What is RDD in Spark?
RDD stands for Resilient Distributed Dataset. Spark RDD is the backbone of Apache Spark. That’s why RDD is a fundamental data structure of Apache Spark and RDD is the fundamental data structure of Apache Spark which are an immutable collection of objects which computes on the different node of the cluster. Each and every dataset in Spark RDD is logically partitioned across many servers so that we can compute the dataset on different nodes of the cluster.
Decomposing the name RDD:
- Resilient, i.e. fault-tolerant with the help of RDD lineage graph(DAG) and so it is able to recompute missing or damaged partitions due to node failures.
- Distributed, since the Data resides on multiple nodes.
- Dataset represents records of the data you work with and the user can load the data set externally which can be either JSON file, CSV file, text file, or database via JDBC with no specific data structure.

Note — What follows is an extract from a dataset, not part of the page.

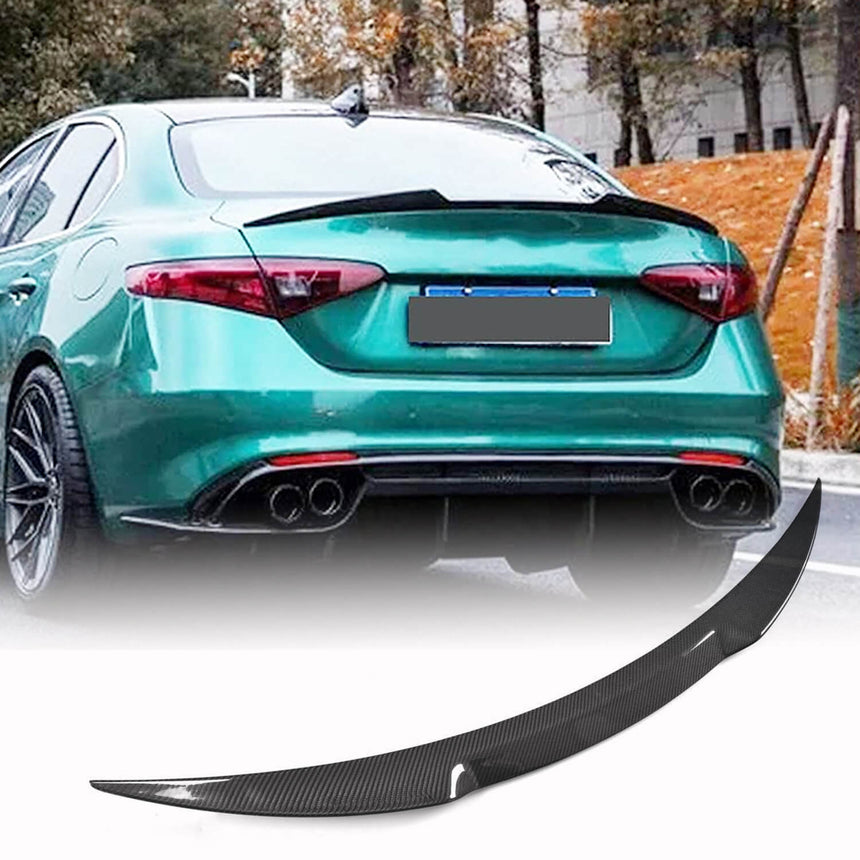 Alfa Romeo Giulia 2016-2022 Carbon Fiber Trunk Spoiler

Spark makes use of the concept of RDD to achieve faster and more efficient MapReduce operations.
Features of Spark RDD
i. In-memory Computation
Spark RDDs have a provision of in-memory computation. It stores intermediate results in distributed memory(RAM) instead of stable storage(disk).
ii. Lazy Evaluations
By using lazy operations we can implement Transformations in RDDs. In lazy evaluation, we can’t compute results immediately. The generation of results will be depending upon the trigger of action. Thus, the performance of the program is increased. transformations in Apache Spark are lazy, in that they do not compute their results right away. Instead, they just remember the transformations applied to some base data set.
Spark computes transformations when an action requires a result for the driver program. Follow this guide for the deep study of Spark Lazy Evaluation.
iii. Fault Tolerance
Spark RDDs are fault-tolerant as they track data lineage information to rebuild lost data automatically on failure. They rebuild lost data on failure using lineage, each RDD remembers how it was created from other datasets (by transformations like a map, join, or groupBy) to recreate itself. Follow this guide for the deep study of RDD Fault Tolerance.

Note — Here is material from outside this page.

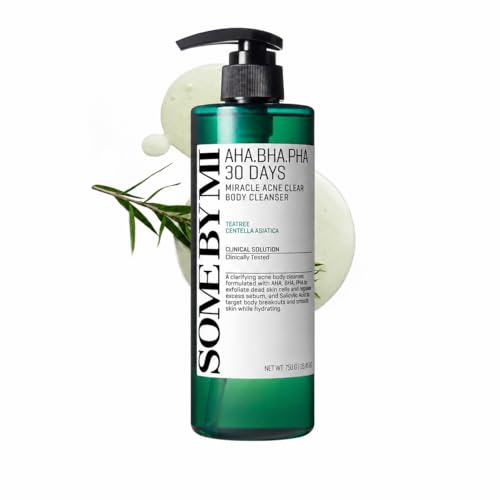 SOME BY MI AHA BHA PHA 30 Days Miracle Acne Clear Body Cleanser (Body Wash Big size - Pack of 1)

The important fact about RDD is, it is immutable. You cannot change the state of RDD. If you want to change the state of RDD, you need to create a copy of the existing RDD and perform your required operations. Hence, the required RDD can be retrieved at any time.
Data items in RDDs are usually huge. This data is partitioned and sent across different nodes for distributed computing.
Intermediate results generated by RDD are stored to make the computation easy. It makes the process optimized.
vii. Coarse-grained Operations
It applies to all elements in datasets through maps or filter or group by operation.
Spark RDD Operations
RDD in Apache Spark supports two types of operations:
These are functions that accept the existing RDDs as input and output one or more RDDs. However, the data in the existing RDD in Spark does not change as it is immutable. Some of the transformation operations are provided in the table below:
|map()||Returns a new RDD by applying the function on each data element|
|filter()||Returns a new RDD formed by selecting those elements of the source on which the function returns true|
|reduceByKey()||Aggregates the values of a key using a function|
|groupByKey()||Converts a (key, value) pair into a (key, <iterable value>) pair|
|union()||Returns a new RDD that contains all elements and arguments from the source RDD|
|intersection()||Returns a new RDD that contains an intersection of the elements in the datasets|
These transformations are executed when they are invoked or called. Every time transformations are applied, a new RDD is created.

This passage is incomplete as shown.